Indeed, the strategy
has also been aimed at those who fled into exile. Many Russian men who went
abroad to avoid being mobilized have since been signaled that they will not be
punished at home if they return. On February 1, for example, Russia’s
Prosecutor General Igor Krasnov reported to Putin that 9,000 “illegally
mobilized citizens” were supposed to be exempt from mobilization because they
perform critical jobs in IT or the banking financial system—had already been
returned home. The Russian authorities are also seeking ways to lure the
country’s exiled IT specialists—which it needs to sustain the war effort—back
to Russia. The government has promised exemption from the draft and a free
plane ticket home for workers in this category. Putin knows his people well:
some Russians, desperate to believe there is a way back to prewar reality, are
returning to Russia thanks to this strategy.
In some crucial
areas, Putin’s incremental approach has backfired. For example, in the
months since the war started, many independent journalists, investigators, and
bloggers who had originally fled the country have launched their
own YouTube channels, taking advantage of the lack of censorship. Now, dozens
of political shows, interviews, and uncensored videos allow Russians to get the
truth about the war daily. Throughout the past year, many people have
developed a habit of getting their news from YouTube, including older Russians
and young people. Indeed, it was through YouTube and Telegram that many
Russians learned of the massacre of Ukrainian civilians in Bucha and the
humiliation of Russian troops in Kherson.
At the same time,
millions of Instagram users have learned to use virtual private network (VPN)

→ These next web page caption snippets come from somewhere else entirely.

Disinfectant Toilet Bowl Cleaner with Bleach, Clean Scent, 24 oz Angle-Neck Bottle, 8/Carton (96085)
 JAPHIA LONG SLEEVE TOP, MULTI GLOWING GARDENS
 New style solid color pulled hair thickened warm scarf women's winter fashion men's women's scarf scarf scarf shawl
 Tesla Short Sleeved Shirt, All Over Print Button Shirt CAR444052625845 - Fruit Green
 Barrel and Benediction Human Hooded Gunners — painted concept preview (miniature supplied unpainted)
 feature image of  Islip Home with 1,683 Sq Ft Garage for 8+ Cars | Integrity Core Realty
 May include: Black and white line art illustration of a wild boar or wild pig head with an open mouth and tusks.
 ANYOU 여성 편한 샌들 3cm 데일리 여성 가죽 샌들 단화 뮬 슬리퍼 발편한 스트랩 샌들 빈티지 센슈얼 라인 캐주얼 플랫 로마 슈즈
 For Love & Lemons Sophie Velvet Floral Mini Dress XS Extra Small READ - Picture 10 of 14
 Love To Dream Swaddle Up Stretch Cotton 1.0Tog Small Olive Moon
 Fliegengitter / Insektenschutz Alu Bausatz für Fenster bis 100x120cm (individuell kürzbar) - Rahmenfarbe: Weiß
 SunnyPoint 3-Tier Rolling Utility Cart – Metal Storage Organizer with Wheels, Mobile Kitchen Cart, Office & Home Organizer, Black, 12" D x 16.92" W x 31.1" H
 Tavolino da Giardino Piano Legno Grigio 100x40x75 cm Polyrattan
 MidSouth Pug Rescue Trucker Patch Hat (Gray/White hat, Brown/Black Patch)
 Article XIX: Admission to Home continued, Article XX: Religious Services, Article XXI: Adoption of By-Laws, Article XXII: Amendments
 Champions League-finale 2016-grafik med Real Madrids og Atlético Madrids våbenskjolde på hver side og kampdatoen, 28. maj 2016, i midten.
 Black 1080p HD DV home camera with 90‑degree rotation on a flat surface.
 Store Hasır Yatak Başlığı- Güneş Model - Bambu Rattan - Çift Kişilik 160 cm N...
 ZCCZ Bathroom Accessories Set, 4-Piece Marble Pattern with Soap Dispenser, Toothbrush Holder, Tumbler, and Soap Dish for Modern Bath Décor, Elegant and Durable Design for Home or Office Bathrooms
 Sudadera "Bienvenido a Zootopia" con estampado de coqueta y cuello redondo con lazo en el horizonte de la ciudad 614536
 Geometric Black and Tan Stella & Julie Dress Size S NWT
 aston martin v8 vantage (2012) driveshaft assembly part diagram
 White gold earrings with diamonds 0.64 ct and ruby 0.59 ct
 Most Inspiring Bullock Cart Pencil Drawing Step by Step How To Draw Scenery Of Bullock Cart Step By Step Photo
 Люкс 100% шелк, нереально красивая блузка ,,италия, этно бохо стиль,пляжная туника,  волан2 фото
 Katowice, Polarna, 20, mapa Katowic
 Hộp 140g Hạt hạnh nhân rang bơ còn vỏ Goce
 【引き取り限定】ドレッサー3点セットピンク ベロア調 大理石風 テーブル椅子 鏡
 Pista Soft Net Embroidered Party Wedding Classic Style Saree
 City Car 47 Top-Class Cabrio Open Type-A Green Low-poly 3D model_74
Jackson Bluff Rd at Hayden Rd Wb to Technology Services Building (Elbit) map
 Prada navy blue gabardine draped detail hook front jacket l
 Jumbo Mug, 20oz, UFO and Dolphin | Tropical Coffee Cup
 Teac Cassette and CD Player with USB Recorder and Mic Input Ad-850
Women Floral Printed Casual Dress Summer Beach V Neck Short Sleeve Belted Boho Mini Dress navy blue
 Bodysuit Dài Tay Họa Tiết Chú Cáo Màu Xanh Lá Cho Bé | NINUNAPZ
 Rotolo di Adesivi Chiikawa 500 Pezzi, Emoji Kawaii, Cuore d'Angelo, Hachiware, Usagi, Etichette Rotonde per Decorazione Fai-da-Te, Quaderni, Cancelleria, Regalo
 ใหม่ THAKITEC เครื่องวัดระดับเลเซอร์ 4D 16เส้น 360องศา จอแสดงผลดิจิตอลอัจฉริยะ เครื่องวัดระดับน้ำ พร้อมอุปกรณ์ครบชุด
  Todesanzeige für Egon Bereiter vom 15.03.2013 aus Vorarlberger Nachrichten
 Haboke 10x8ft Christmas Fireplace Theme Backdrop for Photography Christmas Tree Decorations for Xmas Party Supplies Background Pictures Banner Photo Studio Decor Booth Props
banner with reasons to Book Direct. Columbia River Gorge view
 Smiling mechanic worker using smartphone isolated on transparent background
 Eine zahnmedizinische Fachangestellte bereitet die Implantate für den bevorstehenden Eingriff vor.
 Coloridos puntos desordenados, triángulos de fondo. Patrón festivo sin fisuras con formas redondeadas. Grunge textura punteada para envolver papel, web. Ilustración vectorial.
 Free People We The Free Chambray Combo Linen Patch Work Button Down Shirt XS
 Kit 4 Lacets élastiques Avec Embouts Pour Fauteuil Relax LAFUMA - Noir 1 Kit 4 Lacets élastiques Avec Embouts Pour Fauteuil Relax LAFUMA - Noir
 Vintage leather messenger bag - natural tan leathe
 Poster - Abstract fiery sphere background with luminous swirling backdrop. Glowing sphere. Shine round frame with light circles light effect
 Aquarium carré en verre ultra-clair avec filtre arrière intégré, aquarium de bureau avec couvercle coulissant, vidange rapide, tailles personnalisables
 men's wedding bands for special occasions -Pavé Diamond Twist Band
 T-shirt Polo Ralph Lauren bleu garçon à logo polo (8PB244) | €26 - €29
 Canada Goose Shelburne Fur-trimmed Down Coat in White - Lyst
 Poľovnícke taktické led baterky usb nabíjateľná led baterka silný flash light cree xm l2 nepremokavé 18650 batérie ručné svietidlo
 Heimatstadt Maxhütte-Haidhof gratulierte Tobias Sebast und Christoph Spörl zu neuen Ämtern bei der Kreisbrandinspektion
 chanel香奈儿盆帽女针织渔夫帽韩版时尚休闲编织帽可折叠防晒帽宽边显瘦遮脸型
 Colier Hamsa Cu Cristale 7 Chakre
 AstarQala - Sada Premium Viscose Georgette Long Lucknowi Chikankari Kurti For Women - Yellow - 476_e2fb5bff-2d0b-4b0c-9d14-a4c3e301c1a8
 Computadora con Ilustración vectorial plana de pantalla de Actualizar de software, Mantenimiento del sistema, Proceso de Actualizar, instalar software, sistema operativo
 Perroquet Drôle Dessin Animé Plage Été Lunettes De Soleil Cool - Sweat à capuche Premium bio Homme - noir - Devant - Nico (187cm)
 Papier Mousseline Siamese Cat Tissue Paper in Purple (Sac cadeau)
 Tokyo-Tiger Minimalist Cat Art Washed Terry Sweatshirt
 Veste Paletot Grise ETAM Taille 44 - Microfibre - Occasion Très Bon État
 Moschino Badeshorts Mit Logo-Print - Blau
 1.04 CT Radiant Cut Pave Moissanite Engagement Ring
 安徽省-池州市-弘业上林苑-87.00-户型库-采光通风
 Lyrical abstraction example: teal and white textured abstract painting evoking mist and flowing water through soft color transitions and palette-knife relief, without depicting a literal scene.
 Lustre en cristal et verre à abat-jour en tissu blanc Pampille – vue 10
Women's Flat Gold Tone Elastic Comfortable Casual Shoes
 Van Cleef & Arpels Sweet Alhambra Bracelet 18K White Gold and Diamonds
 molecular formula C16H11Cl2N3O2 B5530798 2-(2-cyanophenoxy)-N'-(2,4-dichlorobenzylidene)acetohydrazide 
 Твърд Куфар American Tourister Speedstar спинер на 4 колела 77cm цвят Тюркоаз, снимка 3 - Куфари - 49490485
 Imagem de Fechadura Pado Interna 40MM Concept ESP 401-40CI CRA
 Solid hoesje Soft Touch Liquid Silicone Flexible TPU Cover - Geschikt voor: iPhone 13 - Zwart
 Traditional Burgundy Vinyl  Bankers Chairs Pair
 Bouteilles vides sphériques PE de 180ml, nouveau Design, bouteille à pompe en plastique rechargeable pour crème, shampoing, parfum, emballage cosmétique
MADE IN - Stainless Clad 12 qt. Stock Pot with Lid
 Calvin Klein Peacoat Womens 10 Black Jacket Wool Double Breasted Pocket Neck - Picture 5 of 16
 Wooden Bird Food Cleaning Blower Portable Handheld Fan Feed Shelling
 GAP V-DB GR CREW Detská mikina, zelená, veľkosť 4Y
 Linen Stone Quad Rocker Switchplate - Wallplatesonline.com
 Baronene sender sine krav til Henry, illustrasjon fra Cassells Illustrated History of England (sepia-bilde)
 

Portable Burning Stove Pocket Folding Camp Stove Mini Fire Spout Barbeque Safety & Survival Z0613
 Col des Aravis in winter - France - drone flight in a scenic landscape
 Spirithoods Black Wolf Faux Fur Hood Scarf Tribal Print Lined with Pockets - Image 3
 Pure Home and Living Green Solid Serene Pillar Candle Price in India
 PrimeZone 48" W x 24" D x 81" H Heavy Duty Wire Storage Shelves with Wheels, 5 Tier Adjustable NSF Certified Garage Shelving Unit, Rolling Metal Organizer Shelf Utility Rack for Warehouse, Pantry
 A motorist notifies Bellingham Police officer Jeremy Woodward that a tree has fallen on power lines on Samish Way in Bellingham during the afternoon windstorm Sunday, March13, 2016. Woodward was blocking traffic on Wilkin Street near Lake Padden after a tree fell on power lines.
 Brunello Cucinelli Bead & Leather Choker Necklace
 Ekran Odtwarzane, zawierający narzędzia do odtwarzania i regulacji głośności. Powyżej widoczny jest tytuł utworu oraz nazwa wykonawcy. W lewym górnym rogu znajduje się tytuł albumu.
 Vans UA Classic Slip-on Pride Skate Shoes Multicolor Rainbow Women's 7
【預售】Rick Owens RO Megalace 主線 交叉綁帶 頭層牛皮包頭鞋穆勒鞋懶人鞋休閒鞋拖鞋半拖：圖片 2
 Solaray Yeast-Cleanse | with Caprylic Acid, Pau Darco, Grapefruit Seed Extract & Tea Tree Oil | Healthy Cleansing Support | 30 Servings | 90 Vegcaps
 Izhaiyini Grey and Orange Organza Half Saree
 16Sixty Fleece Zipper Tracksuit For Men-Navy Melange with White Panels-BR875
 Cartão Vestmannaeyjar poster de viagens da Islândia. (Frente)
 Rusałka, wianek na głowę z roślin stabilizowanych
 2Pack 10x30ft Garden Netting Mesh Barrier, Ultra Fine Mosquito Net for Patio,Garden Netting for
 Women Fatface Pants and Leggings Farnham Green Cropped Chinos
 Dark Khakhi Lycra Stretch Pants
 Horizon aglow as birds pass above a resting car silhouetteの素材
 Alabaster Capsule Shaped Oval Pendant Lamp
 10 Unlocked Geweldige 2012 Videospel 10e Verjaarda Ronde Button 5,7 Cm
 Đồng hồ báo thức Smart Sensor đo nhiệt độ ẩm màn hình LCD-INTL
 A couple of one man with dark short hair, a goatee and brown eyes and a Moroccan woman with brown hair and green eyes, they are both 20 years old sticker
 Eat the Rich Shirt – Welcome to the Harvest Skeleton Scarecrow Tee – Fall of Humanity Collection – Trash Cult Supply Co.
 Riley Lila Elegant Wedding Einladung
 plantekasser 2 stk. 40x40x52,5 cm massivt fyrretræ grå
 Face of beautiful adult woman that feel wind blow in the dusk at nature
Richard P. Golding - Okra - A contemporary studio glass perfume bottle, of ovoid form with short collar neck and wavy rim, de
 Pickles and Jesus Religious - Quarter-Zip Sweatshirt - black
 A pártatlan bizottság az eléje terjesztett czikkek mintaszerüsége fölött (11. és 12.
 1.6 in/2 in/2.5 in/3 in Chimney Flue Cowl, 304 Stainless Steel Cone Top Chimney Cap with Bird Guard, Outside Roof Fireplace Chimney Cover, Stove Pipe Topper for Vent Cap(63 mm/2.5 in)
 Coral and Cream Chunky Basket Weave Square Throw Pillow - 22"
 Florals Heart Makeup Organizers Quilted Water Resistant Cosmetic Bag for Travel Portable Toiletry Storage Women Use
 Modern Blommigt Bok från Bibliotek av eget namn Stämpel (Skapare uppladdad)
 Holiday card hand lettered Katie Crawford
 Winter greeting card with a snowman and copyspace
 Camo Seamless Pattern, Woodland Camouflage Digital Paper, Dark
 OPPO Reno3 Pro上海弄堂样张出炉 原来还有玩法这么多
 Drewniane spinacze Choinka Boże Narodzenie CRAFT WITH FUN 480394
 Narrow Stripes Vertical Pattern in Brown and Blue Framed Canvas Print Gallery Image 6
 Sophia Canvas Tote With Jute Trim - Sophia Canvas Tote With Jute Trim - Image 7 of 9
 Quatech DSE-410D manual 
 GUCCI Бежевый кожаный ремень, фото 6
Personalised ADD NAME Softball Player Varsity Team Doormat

services to access the platform. As a result, though many were not previously
interested in political content, they now can access alternative news sources
about the war from the non-Russian internet. Thus, by the time of the war’s first
anniversary in late February, much of Russia’s urban population could
circumvent Russia’s internet censorship. (So far, however, it has not greatly
impacted public opinion because many still choose to believe the government’s
propaganda.)
Nevertheless, in the
first year of the war, Putin’s partial escalation strategy has generally served
him well. It has allowed him to maintain political stability through
intimidation and indifference. Internationally and domestically, it has helped
him prepare Russia for a very long war without making the sacrifices that might
ultimately cause the population to rebel. And above all, it has given him
flexibility. The more radical options—including economic nationalization and
full mobilization—are still open, and the country’s bureaucracy is already
prepared to set them in motion.
The question is, How
long can this not-quite-total war be sustained? The longer the war goes on, the
more Putin will have to take some of the more drastic steps he has threatened.
And at some point, he will run out of room to play with.